Keep the lines of communication between TRUSTe and your company open and responsive.
Communication between TRUSTe and our members is very important throughout the term of your license. By keeping TRUSTe up to date with your company's current contact information, we can be sure that all necessary notices are properly addressed and all issues requiring follow-up are dealt with properly and in a timely fashion.

Implement the TRUSTe seal properly to identify yourself as a legitimate TRUSTe licensee.
On your site, the TRUSTe Final Mark should always link to the privacy statement, and the TRUSTe "Click to Verify" seal should always appear on the privacy statement, linking the consumer to a secure validation page.
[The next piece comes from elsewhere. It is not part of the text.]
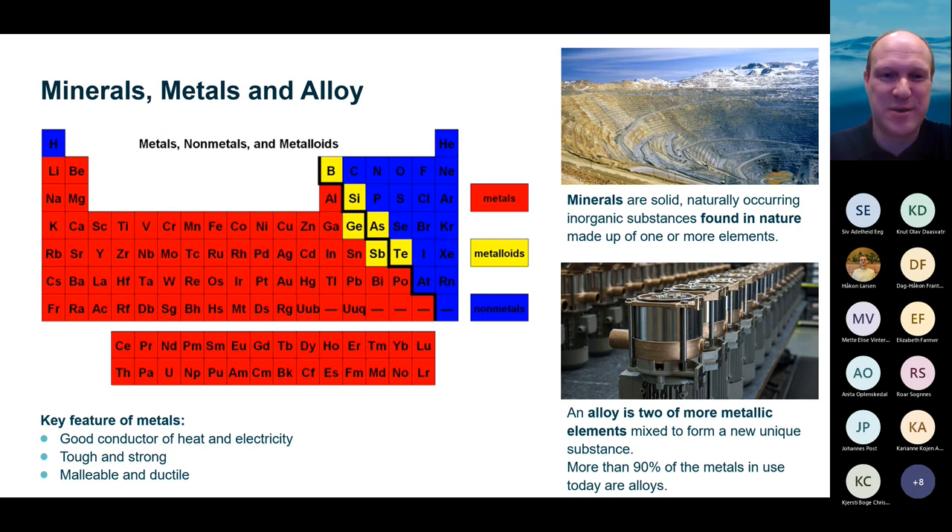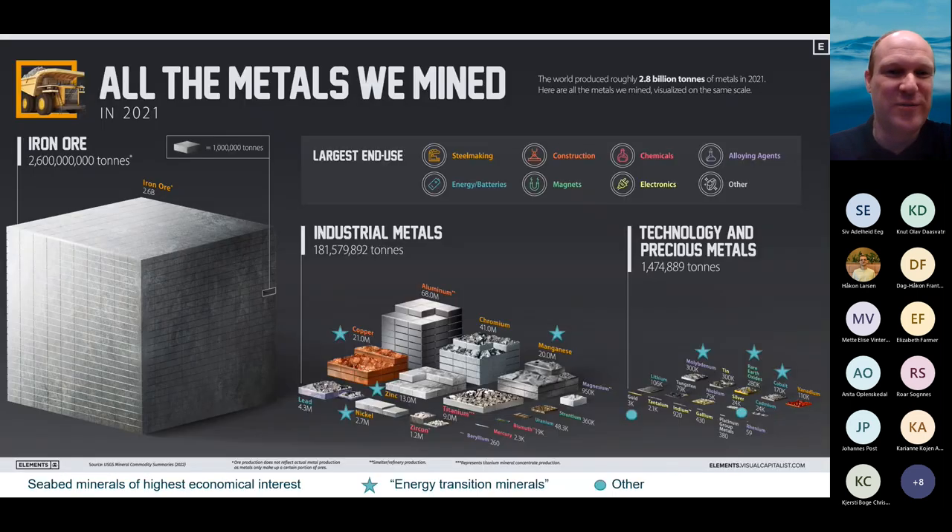The majority of metals today are found in alloys — combinations of various metals melted together. Looking at the total volume of what we mine today, iron and aluminium are the key components, but those two are not what we call energy transition minerals. The minerals found in the deep sea that are key for energy transition are highlighted with a star, and include copper, cobalt, nickel, zinc, rare earths, and manganese. There are also deposits of silver and gold in the deep sea of some economic interest.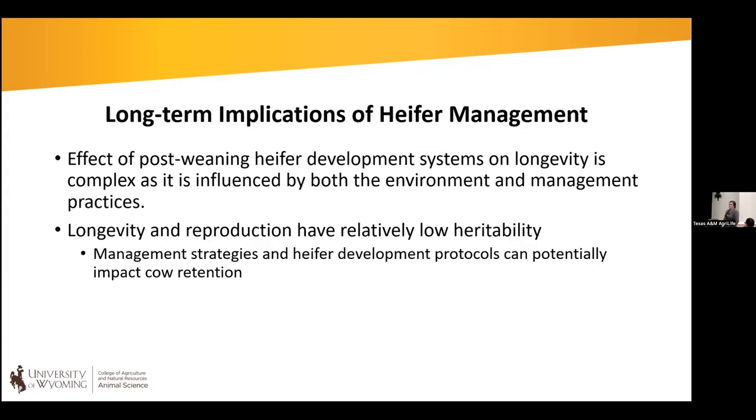Long-term impacts of heifer development systems are important but challenging to study due to environmental influences and management variation throughout a heifer's lifetime. Longevity and reproduction have relatively low heritability, making it hard to see fast selection results. However, some of these management strategies — especially early in life — can have a significant impact on longevity and retention of animals within the cow herd, giving us opportunities to use management to influence longevity.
Streamline your renewal process and stay consistent with CAN-SPAM requirements with TRUSTe License Agreement 9.0.
On March 1, 2004, TRUSTe introduced License Agreement 9.0. In most cases, License 9.0 – a form-fillable self-assessment – only requires members of TRUSTe's general Web privacy seal program to submit a full self-assessment form every three years! For further details and new program requirements, read our FAQs.

When drafting or revising your privacy statement, use may or might statements sparingly.
Avoid sounding evasive and build trust upfront by using forthright language. Your privacy statement should describe actual practices consistent with the Fair Information Practice of Notice.
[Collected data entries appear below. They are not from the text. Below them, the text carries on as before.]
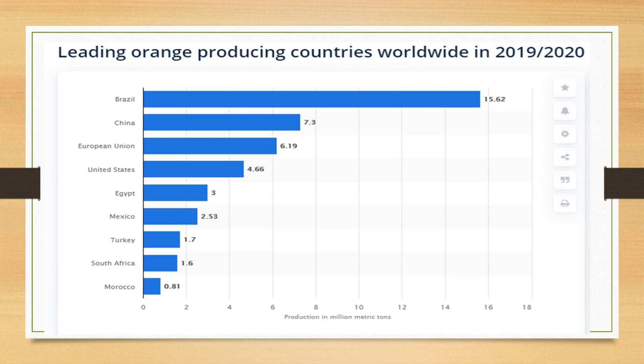Now we are moving further to leading producing countries of oranges worldwide in the year 2019 and 2020. First is Brazil, second is China, third is European Union, fourth is USA, fifth is Egypt, sixth is Mexico, seventh is Turkey, eighth is South Africa, and ninth is Morocco. This is production measured in million metric tons.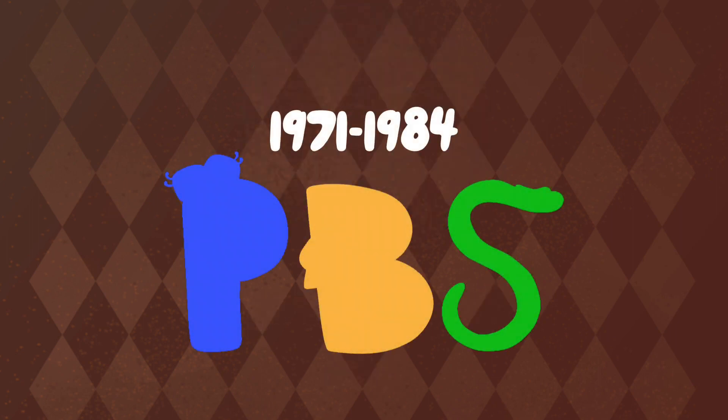1971 to 1980: the letter P in blue, B in orange, and S in green.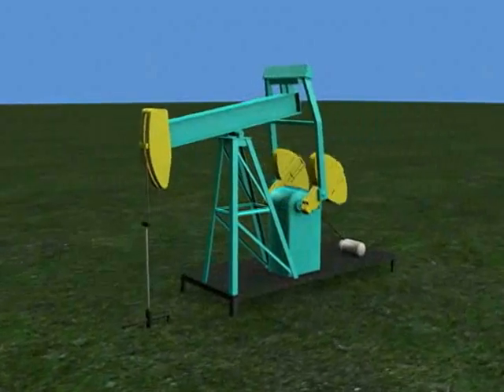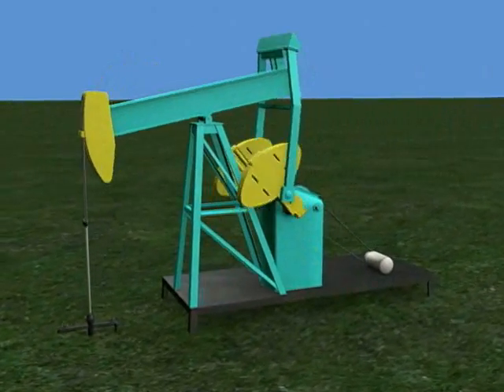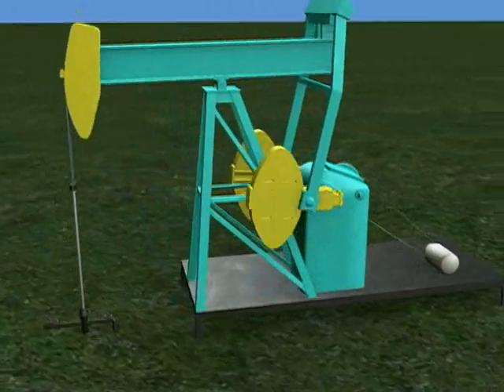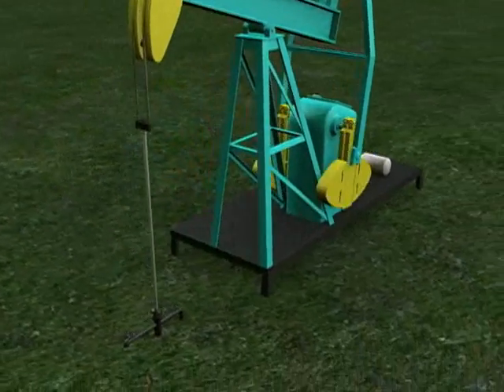At the surface, a pump jack has been installed to operate the pump down hole. Pump jacks are powered either by a natural gas engine or more commonly by an electric motor.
Add an effective date to your privacy statements.
This fulfills one of the requirements of the California Online Privacy Protection Act of 2003, which took effect July 1, 2004. The statement can be as simple as "Effective as of January 1, 2004."

If your organization experiences a data spill or security breach, contact TRUSTe immediately.
Your account manager will help you assess the situation, and TRUSTe will track all related Watchdog complaints to help you respond quickly.
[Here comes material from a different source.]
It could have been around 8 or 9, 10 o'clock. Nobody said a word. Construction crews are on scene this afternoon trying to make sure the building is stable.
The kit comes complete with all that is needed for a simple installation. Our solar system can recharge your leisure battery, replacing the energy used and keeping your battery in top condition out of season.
Plan ahead to include TRUSTe's privacy principles when expanding your Web site.
TRUSTe recognizes and appreciates your need for continuous growth and development, so contact your TRUSTe account manager to help you plan new Web site features and functionality around privacy.

Minimize data collection on your Web site.
Only collect enough personal data from visitors to provide them with your products or services, or to allow them to participate in an activity on the site. Users will have greater trust in your organization if you collect minimal information, and tell them why the information is necessary.

When making use of user-profiling technologies such as cookies, log files and Web beacons, notify users in your privacy statement.
Tracking individual users' movements on your site can give you valuable marketing insight, but the use of all personally identifiable information must be disclosed, or you could be acting outside the Fair Information Practices guidelines.

Notify customers of transfer of their personally identifiable information.
If your business undergoes a transition such as an acquisition, merger or bankruptcy, you need to provide your customers notice, and in some cases choice, regarding the transfer of their information to the new controlling organization.

Implement an automated unsubscribe system.
An automated system lets you ensure that each request is processed within a reasonable timeframe. Also, send users a confirmation email that allows them to verify that their request has been processed.

Determine whether changes to your Web site are "material changes" requiring you to notify all site users.
If changes are made to the way you handle your customers' personally identifiable information, give them notice so they can chose whether they want to continue sharing their information with you.

Avoid COPPA violations. Do not indicate to users that an age restriction exists when collecting personally identifiable information.
COPPA is triggered whenever your Web site collects both age-identifying information and personally identifiable information. If you notify users at the point of data collection that an age restriction exists, they can easily circumvent the restriction.